You were too honest. You’re always too honest, too late.
That’s why you’re here. No one checks the correct boxes on
health-intake forms. It should have gone, a routine physical.
9:55am
The first counselor wishes you a happy Valentine’s Day. You
have to recall the last 30 days, how many without a drink? It’s
been almost a year. Today, also Fat Tuesday. There are ways
to count, ounces in drinks. Binging denies a cruel imperial
chart. Were you abused? Always the oddest query. Do you
know what that means? Perspective makes it an impossible
question. Recalibration says, don’t be dramatic.
10:13am
You’re led with a plastic urine cup. Told to leave your purse
on the chair, the nurse will watch. The bathroom has no sink.

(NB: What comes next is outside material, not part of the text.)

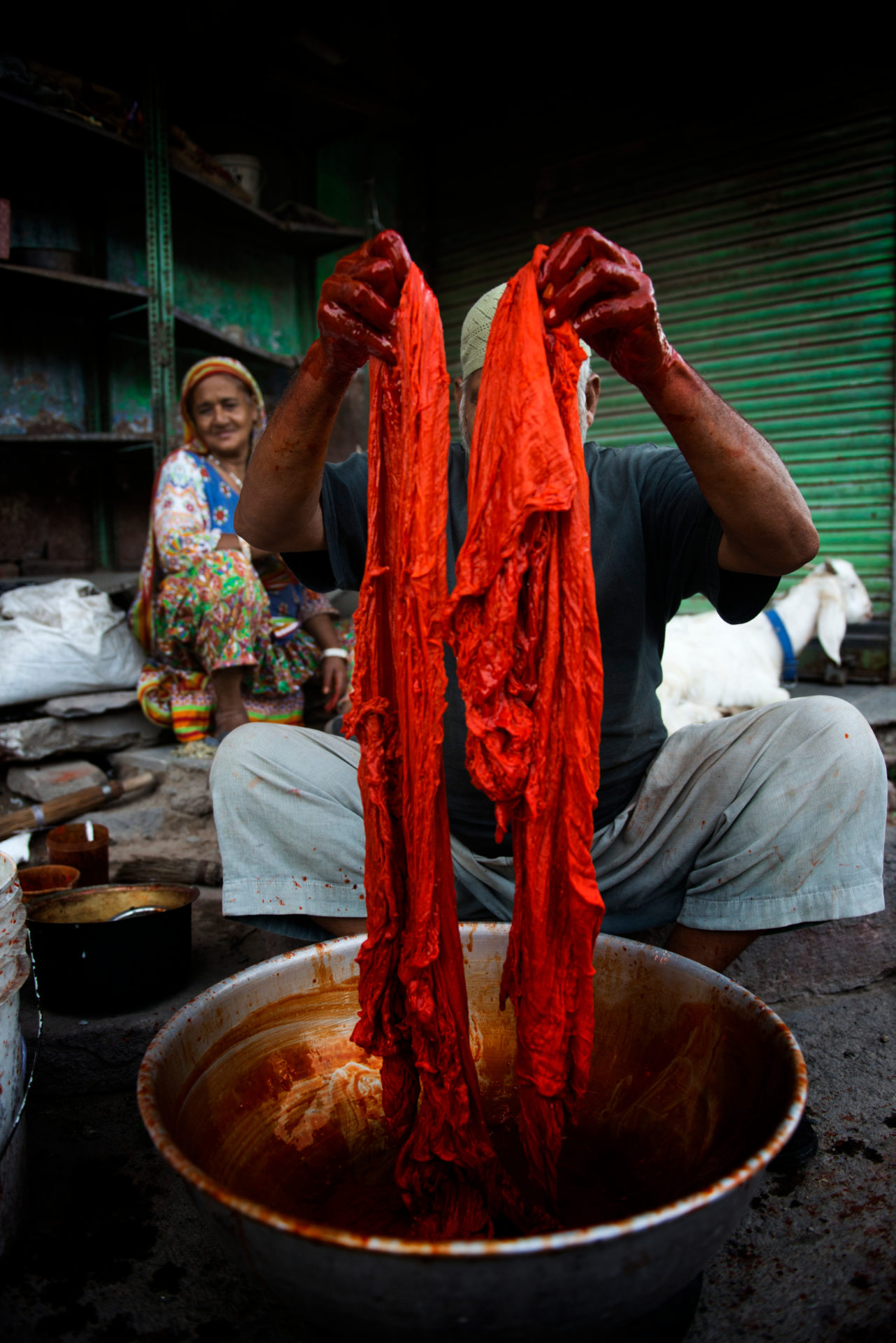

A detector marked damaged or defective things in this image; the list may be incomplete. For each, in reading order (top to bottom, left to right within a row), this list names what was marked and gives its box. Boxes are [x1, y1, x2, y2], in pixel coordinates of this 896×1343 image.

You can’t be trusted with water. No mirror. You can’t be. No
one here is allowed to see their fingerprint. It’s feigned
sanitization. It’s a false profile you surrender. It’s only that
piece of you.
10:19am
Drained. You step outside and ask where you can wash your
hands. There’s a sink in the hallway. You wash in front of the
half-sleeping man you saw earlier. He’s slinky hunched in a
chair, indifferent to your ceremony. His heart rate is seductive.

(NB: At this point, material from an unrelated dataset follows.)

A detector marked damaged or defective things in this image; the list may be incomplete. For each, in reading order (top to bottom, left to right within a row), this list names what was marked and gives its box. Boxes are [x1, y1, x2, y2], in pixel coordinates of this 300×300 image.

You mime his breaths. Every 11 seconds. You haven’t slept in
days. You’re asked if it’s ok to be weighed. You say, no. It’s
only blood you’re offering.
Kimberly Reyes |
levelheaded: 2.14
This poem is really concerned with time. It takes a cryptically formatted date (“2.14”) as its title, then goes on to mark out exactly 46 minutes of the speaker’s thoughts on what sounds like a particularly fraught morning. The poem’s timestamps—sometimes down to the second (“9:33:30am”)—let us experience the poem in real-time. It’s an interesting structural choice that pushes right up against some of our expectations of poetry, particularly because the fact that this happens over exactly 46 minutes removes a lot of ambiguity about what we are witnessing.

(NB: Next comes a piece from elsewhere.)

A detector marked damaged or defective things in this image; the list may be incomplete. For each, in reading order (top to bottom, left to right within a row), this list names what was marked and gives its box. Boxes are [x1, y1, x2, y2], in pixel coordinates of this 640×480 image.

Time is a key component of any narrative, but it’s rarely such an important feature of lyric poems. This poem does tell a simple narrative: the speaker arrives at “the Drug and Alcohol Intake on / Fillmore” for a substance abuse test. But the poem seems more interested in conveying the galaxies of anxiety spiraling through the speaker’s mind at any given moment. What should be a simple victory, finding a parking spot, becomes an imagined scenario that devolves into self-loathing: “Getting / sideswiped, a nightmare you can’t add. Smart people pass this / up. They don’t take the bad spots.” And, per the poem’s timestamps, the speaker’s descent into an imaginary worst-case scenario happens in just 30 seconds.
Even beyond the poem’s structure, time is an essential part of the speaker’s perspective. The speaker’s initial celebration is caused by her arrival “12 minutes earlier than your 15-minute-early / goal.” Part of her pre-screening for the test involves recalling “the last 30 days, how many without a drink? It’s / been almost a year.” And as she leaves the facility, she notes a man’s slowed respiration (and her own abnormal sleeping patterns): “You mime his breaths. Every 11 seconds. You haven’t slept in / days.” As these moments rack up, we begin to understand the poem’s timeline-like structure is an extension of the speaker’s fixation on the passage of time, chiefly on the ways that it can signal health or disease. The structure has not been imposed on the poem. Instead time, rendered explicitly, is the only way this speaker can make us understand the toll of her frantic mind. The costs of the speaker’s anxieties, at least as far as this poem is concerned, may remain largely unseen. She gives urine or blood to the lab, but she also gives up something irreplaceable—time. And just like with bodily fluids, each time you relinquish a bit of time, you surrender a “piece of you.”